Bağımsız Türkiye şimdi daha güçlü...

- KUVEYT –

Hatırlıyor musunuz, “Bu referandumdan ‘Evet’ çıkarsa ülke krize girer, Türkiye’nin itibarı biter” diyorlardı.

Ama milletimiz, eski fotoğraf makinaları gibi bunların negatif çalıştıklarını" iyi bildiği için mesajı doğru anladı ve Türkiye için “Evet” dedi.

Peki sonra ne oldu?..

Yeni sistem tam olarak yeni seçimle devreye girecek ama sürecin başlaması bile içerde ve dışarda çok önemli değişikliklere sebep oldu.

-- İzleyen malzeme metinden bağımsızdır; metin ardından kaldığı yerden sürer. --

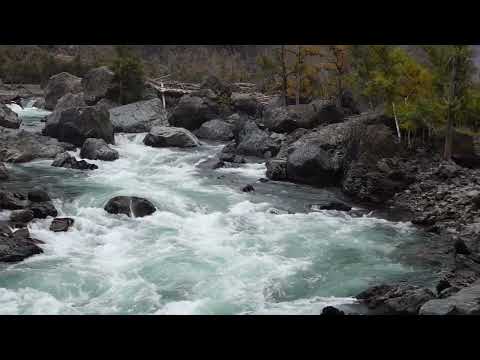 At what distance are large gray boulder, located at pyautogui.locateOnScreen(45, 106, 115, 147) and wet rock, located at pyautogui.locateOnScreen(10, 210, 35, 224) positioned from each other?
11.0 metres

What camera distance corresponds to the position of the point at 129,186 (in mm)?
18891

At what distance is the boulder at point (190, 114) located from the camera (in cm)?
3152

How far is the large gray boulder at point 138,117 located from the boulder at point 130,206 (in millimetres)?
14517

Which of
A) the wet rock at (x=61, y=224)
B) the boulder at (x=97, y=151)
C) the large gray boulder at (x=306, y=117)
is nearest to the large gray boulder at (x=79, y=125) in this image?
the boulder at (x=97, y=151)

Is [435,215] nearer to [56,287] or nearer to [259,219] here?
[259,219]

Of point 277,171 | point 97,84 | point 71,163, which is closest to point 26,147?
point 71,163

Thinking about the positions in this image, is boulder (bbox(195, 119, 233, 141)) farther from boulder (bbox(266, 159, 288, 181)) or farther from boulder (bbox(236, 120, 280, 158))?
boulder (bbox(266, 159, 288, 181))

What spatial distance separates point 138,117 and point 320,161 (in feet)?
46.2

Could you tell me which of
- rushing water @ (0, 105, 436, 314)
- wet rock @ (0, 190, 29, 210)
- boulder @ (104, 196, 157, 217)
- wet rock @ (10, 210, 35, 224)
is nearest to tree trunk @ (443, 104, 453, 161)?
rushing water @ (0, 105, 436, 314)

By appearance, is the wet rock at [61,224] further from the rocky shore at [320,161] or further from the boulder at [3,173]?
the boulder at [3,173]

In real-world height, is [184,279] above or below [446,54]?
below

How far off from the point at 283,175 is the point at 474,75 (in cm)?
801

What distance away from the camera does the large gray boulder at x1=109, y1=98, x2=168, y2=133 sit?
2993 cm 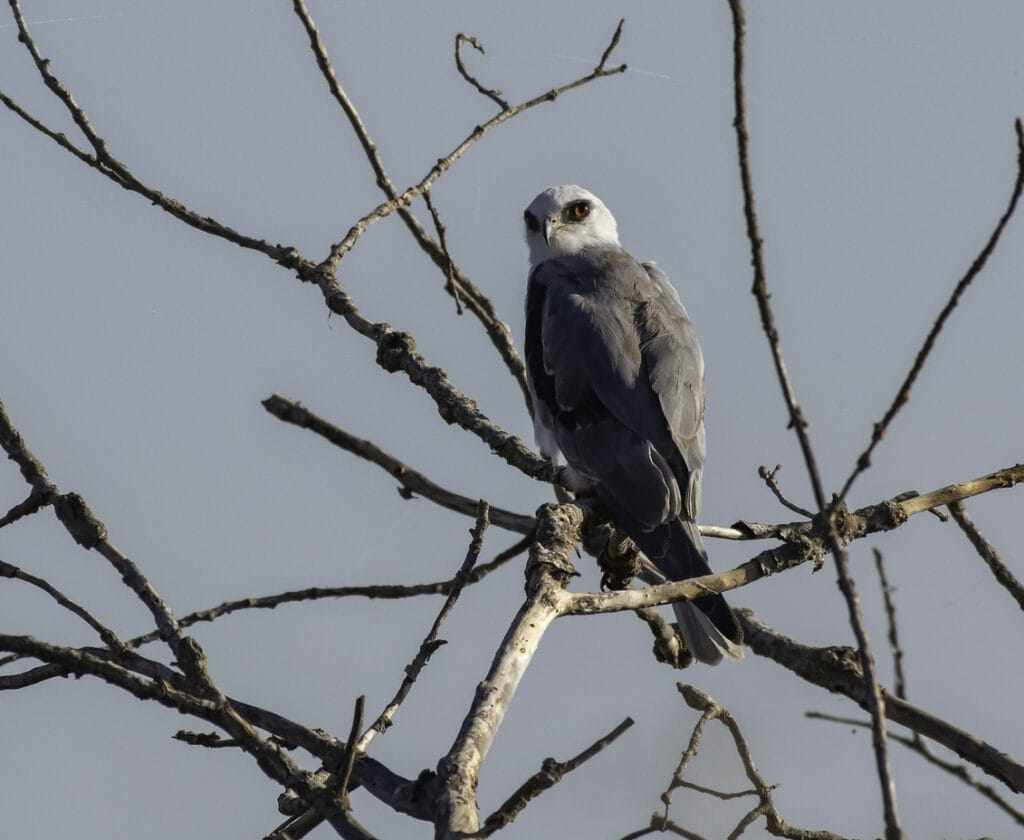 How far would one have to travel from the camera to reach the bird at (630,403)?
4.48m

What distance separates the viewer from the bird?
4477 mm

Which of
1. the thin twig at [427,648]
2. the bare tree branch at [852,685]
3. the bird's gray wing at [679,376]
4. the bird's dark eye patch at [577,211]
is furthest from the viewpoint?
the bird's dark eye patch at [577,211]

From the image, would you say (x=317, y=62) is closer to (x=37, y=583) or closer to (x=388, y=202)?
(x=388, y=202)

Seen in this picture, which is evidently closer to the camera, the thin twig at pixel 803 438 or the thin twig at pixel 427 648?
the thin twig at pixel 803 438

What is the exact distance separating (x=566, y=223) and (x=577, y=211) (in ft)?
0.37

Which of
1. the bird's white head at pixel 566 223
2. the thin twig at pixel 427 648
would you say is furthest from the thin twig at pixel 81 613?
the bird's white head at pixel 566 223

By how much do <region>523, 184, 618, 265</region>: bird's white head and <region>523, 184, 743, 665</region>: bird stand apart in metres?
0.59

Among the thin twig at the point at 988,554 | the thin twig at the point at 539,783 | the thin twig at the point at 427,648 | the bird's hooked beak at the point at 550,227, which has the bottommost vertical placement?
the thin twig at the point at 539,783

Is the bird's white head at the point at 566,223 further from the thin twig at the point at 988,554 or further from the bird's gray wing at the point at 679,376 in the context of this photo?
the thin twig at the point at 988,554

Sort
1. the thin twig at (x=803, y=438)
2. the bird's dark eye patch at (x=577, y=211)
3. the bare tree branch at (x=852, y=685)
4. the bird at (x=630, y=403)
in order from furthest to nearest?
the bird's dark eye patch at (x=577, y=211), the bird at (x=630, y=403), the bare tree branch at (x=852, y=685), the thin twig at (x=803, y=438)

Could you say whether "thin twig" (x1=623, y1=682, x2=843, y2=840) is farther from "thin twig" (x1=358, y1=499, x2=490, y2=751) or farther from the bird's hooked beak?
the bird's hooked beak

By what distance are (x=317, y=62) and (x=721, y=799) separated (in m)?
2.67

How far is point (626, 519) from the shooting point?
14.7 feet

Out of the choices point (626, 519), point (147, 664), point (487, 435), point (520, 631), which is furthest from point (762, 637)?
point (147, 664) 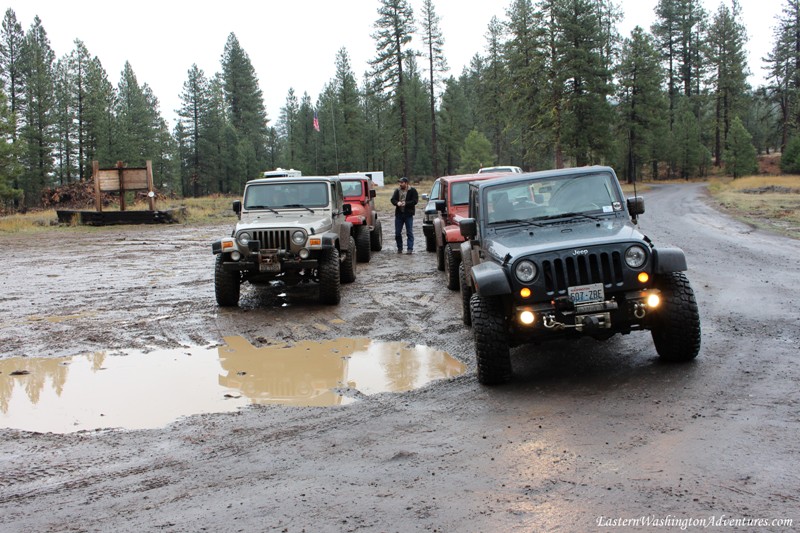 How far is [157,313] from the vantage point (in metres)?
10.3

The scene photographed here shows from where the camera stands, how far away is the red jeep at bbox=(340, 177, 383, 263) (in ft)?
50.1

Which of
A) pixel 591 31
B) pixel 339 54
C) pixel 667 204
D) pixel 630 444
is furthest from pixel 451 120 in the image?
pixel 630 444

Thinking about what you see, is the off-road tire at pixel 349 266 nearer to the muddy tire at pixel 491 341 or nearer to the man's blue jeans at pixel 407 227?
the man's blue jeans at pixel 407 227

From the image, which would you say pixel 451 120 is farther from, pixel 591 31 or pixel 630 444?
pixel 630 444

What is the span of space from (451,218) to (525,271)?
22.2 feet

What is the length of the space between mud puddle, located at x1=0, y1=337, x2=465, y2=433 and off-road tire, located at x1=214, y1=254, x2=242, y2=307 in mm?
2110

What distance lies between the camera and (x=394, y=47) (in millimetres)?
62875

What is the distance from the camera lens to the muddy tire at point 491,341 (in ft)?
19.3

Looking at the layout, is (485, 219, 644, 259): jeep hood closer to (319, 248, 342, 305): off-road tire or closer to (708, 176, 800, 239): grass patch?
(319, 248, 342, 305): off-road tire

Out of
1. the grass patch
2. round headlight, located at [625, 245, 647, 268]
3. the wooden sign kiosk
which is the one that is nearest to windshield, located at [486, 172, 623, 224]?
round headlight, located at [625, 245, 647, 268]

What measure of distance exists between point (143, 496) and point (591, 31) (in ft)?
171

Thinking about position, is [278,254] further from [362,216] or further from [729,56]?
[729,56]

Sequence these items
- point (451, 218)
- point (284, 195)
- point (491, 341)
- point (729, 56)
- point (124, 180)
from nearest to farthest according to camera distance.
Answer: point (491, 341), point (284, 195), point (451, 218), point (124, 180), point (729, 56)

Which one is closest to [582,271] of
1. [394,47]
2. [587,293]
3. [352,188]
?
[587,293]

Ekonomik verilerdeki iyileşmeler her gün daha belirgin hale geldi ve istikrarın kokusunu alan yabancı yatırımcılar rotayı Türkiye’ye çevirdi.

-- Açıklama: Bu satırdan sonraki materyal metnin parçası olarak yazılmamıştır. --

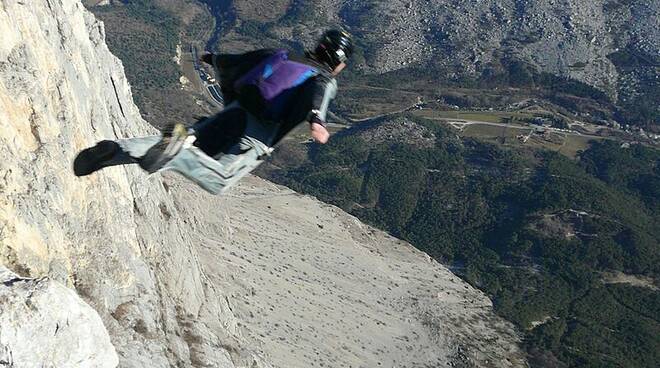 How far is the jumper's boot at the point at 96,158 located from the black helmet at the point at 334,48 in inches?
190

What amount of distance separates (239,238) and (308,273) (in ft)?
25.6

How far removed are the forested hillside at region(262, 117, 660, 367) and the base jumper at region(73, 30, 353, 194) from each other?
102 meters

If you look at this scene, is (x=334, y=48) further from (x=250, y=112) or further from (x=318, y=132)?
(x=318, y=132)

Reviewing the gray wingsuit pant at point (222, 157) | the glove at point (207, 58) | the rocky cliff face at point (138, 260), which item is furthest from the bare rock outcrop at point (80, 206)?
the glove at point (207, 58)

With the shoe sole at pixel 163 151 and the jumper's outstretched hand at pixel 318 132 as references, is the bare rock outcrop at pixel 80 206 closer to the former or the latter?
the shoe sole at pixel 163 151

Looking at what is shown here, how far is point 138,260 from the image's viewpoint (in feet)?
94.7

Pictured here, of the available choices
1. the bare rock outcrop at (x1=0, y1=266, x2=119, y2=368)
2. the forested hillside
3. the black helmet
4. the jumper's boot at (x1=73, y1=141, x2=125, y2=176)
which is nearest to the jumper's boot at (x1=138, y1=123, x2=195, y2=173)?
the jumper's boot at (x1=73, y1=141, x2=125, y2=176)

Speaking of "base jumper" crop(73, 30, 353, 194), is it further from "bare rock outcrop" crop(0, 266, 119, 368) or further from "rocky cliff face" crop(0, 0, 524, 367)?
"rocky cliff face" crop(0, 0, 524, 367)

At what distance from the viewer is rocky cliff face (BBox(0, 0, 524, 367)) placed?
20.0m

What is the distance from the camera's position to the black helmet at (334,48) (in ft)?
49.5

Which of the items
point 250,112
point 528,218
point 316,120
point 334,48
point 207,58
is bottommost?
point 528,218

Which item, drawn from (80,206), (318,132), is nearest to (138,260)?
(80,206)

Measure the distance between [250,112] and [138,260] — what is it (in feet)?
50.9

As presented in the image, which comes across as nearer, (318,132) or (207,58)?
(318,132) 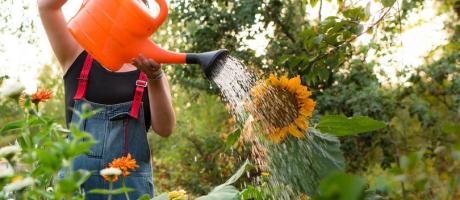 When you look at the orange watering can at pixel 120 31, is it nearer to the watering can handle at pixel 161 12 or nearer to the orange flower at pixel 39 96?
the watering can handle at pixel 161 12

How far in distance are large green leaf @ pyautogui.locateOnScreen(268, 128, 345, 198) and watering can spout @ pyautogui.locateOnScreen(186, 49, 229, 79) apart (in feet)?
0.93

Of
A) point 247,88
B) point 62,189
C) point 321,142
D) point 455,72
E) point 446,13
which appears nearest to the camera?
point 62,189

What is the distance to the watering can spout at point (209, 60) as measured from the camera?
1.36 m

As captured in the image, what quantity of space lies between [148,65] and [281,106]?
1.14 ft

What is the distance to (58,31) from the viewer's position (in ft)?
5.22

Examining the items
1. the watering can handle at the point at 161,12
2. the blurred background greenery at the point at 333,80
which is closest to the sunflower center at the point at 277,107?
the watering can handle at the point at 161,12

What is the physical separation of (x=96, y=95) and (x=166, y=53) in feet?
0.97

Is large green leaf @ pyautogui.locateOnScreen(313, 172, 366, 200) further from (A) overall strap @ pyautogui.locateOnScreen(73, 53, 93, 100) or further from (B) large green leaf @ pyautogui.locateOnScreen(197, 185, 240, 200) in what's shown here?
(A) overall strap @ pyautogui.locateOnScreen(73, 53, 93, 100)

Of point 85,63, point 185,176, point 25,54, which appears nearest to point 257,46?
point 185,176

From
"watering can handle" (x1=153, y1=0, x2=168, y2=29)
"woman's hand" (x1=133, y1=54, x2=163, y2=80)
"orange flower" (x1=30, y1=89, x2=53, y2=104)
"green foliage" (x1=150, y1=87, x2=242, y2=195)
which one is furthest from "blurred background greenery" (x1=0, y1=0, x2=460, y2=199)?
"orange flower" (x1=30, y1=89, x2=53, y2=104)

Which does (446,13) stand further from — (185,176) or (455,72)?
(185,176)

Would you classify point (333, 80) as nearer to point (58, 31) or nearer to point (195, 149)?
point (195, 149)

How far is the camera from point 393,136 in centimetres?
544

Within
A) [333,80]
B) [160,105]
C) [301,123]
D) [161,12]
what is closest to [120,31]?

Dışarda ise iddiaların aksine, daha güçlü bir Türkiye algısı oluştu.

***

Bir an için referandumdan “Hayır” sonucu çıktığını düşünün ve şimdi nasıl bir Türkiye'de yaşadığımızı tahayyül edin.

İçerdeki durumumuz, CHP gibi olurdu.

Ya dışarda?..

Türkiye üzerindeki vesayet iktidarını perçinleyen batı boğazımızı her gün biraz daha sıkacaktı.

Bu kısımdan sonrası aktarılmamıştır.